**AIM OF THE TASK**
There are pictures in the records below; leave them out and set down exactly the lines from the one holding "32 Pine Cir, Cary, IL 60013 photo 8" through the one holding "為了重建並改革日本，首相安倍".

**SOURCE INFORMATION**
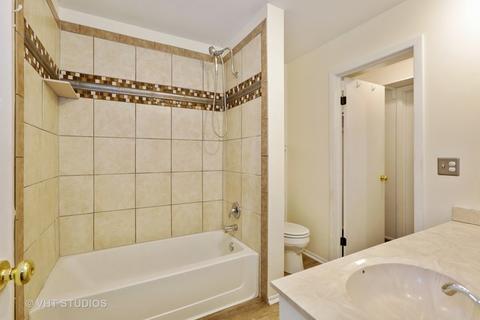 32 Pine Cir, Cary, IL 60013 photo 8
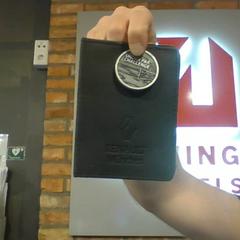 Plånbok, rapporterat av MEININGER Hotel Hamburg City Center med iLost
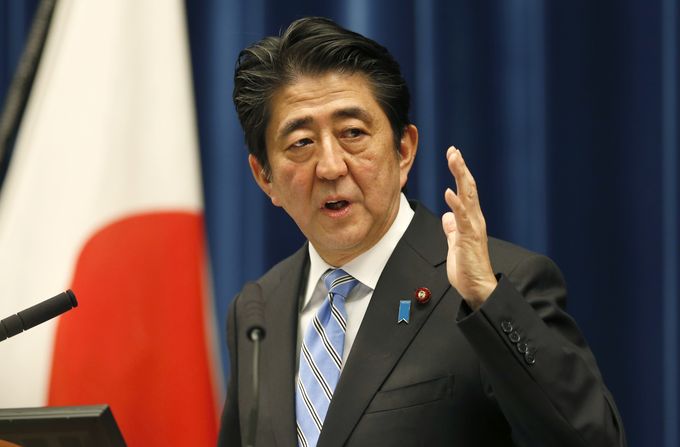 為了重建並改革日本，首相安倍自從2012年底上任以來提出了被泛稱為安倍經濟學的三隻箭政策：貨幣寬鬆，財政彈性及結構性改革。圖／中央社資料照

...

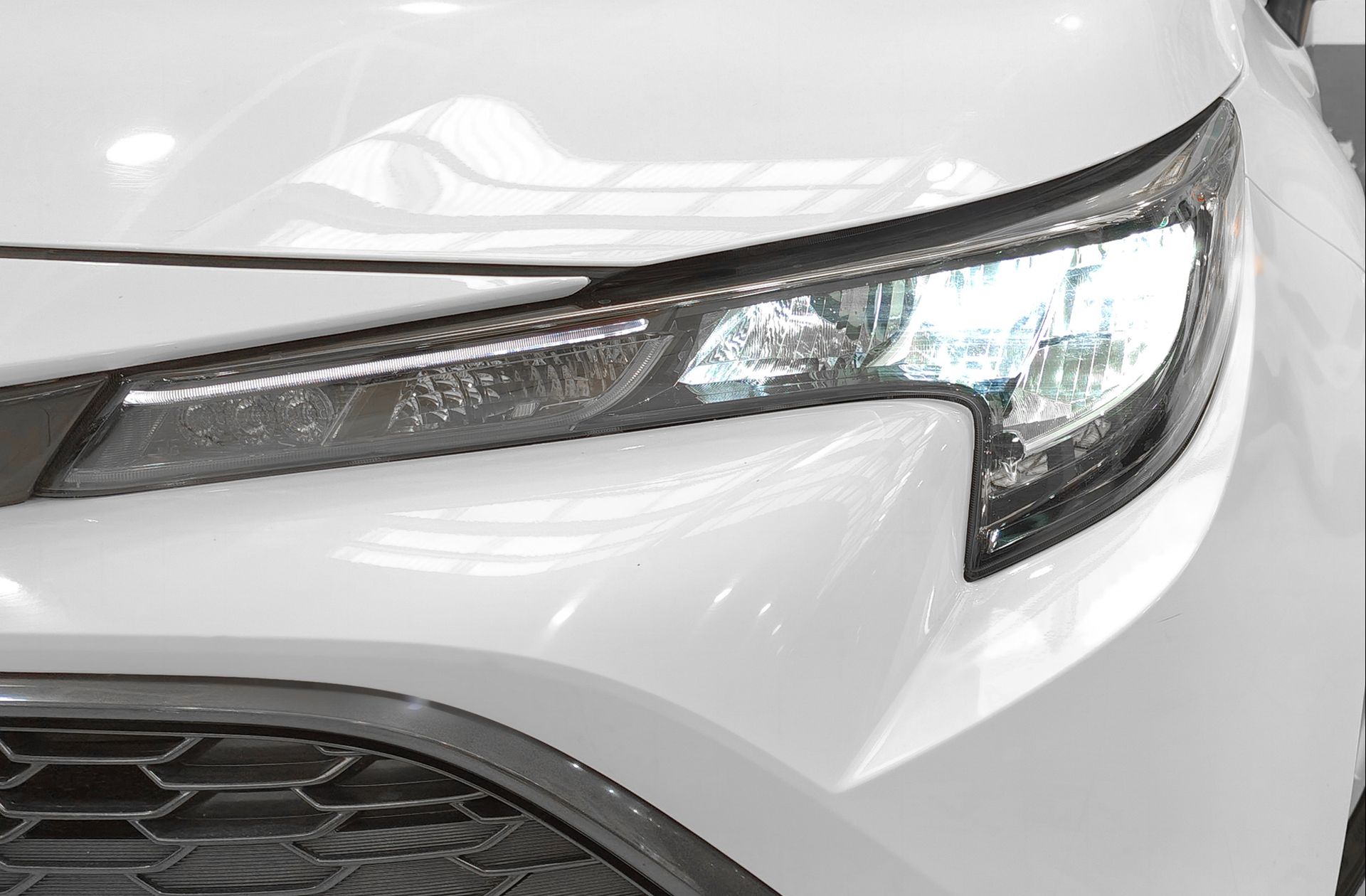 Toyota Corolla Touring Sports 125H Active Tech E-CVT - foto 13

---

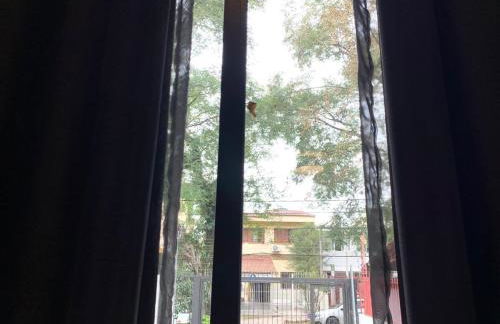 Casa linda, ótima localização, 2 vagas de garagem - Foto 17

**ANSWER TO THIS EXERCISE**
 32 Pine Cir, Cary, IL 60013 photo 8
 Plånbok, rapporterat av MEININGER Hotel Hamburg City Center med iLost
 為了重建並改革日本，首相安倍自從2012年底上任以來提出了被泛稱為安倍經濟學的三隻箭政策：貨幣寬鬆，財政彈性及結構性改革。圖／中央社資料照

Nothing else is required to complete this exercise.